Tetralin-derived products and mansonone C.
Many synthetic approaches to these compounds begin with natural products such as menthone wherein the relative stereochemistry has already been established.11
Several researchers have noted that attempts to install stereochemistry by epimerization or by cyclization onto the aromatic ring have led to mixtures.12,13 We report herein that a system such as 5, wherein allylic strain between G and the methyl group forces the methyl group to be axial as the six-membered ring is being formed, affords exclusively the cis-stereoisomer 7 (Scheme 1).
Scheme 1.
In order to evaluate the directing effect, we first synthesized allylic acetate 8 (Scheme 2). Allylic acetate 8 was synthesized starting from 6-methyl-5-hepten-2-one and the anion of 1,4-dimethoxybenzene. Dehydroxylation of the resulting benzylic alcohol using Li/NH3 followed by allylic oxidation by the method of Sharpless14 yielded an allylic alcohol which, upon acetylation, afforded 8. Surprisingly, cyclization of allylic acetate 8 using the conditions of Ma and Zheng15 afforded tetralin 10 and naphthalene 11 in 51% and 37% yields, respectively. Compound 9, the expected product, was not isolated.
Scheme 2.
We believe that compounds 10 and 11 result from a novel cation-mediated disproportionation reaction. Comparison of the NMR spectrum of 10 with that of the literature compound13 showed that the cis-stereoisomer was exclusively formed.
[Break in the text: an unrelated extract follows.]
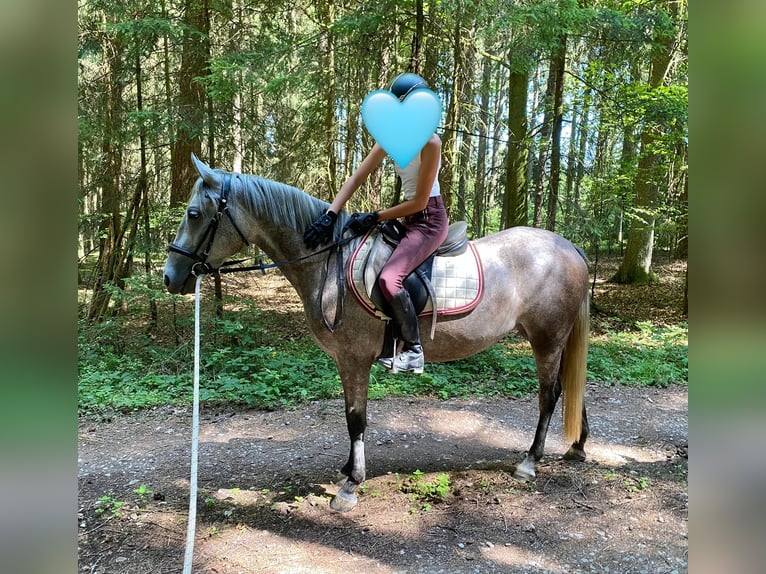 Deutsches Reitpony Mix Stute 3 Jahre 143 cm Schimmel in Deuerling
In support of this allylic strain assisted stereoselective cyclization, we have found that cyclization of allylic acetate 12, which does not contain the directing group G, affords tetralin 13 as a 1.3:1 mixture of diastereomers (Scheme 3).
Scheme 3.
With the stereochemistry of 10 established, we began the synthesis of 1a by the reaction of 5-methyl-4-hexen-1-al16 with the anion of 1,2-bis(methoxymethoxy)-3-methylbenzene (Scheme 4). The resulting alkoxide was in situ acetylated by the addition of acetic anhydride. The displacement of the acetate to the corresponding methyl group was achieved using Me3Al to afford 15. In order to enhance the stability for the acid-mediated cyclization, MOM protecting groups were converted to the more stable methyl ether 16. It was then oxidized and acetylated by the same methods used to generate 8. Cyclization of 17 using trifluoroacetic acid in acetic acid at 70 °C for 12 h followed by deprotection by the use of BBr3 generated 7,8-dihydroxycalamenene (1a) in two steps (30% yield). Interestingly enough, mansonone C (2) was also obtained from the same reaction in two steps (46% yield). The direct synthesis of 7,8-dihydroxycalamenene (1a) demonstrates the advantage of employing the concept of allylic strain in organic synthesis.
Scheme 4.
Acknowledgments
We thank the National Institutes of Health (Grant No. P01 ES12020) and the Office of Dietary Supplements for partial financial support through the Center for Research on Botanical Dietary Supplements at Iowa State University.
Footnotes
Supporting Information Available: Experimental procedures, characterization data, and NMR spectra. This material is available free of charge via the Internet at http://pubs.acs.org.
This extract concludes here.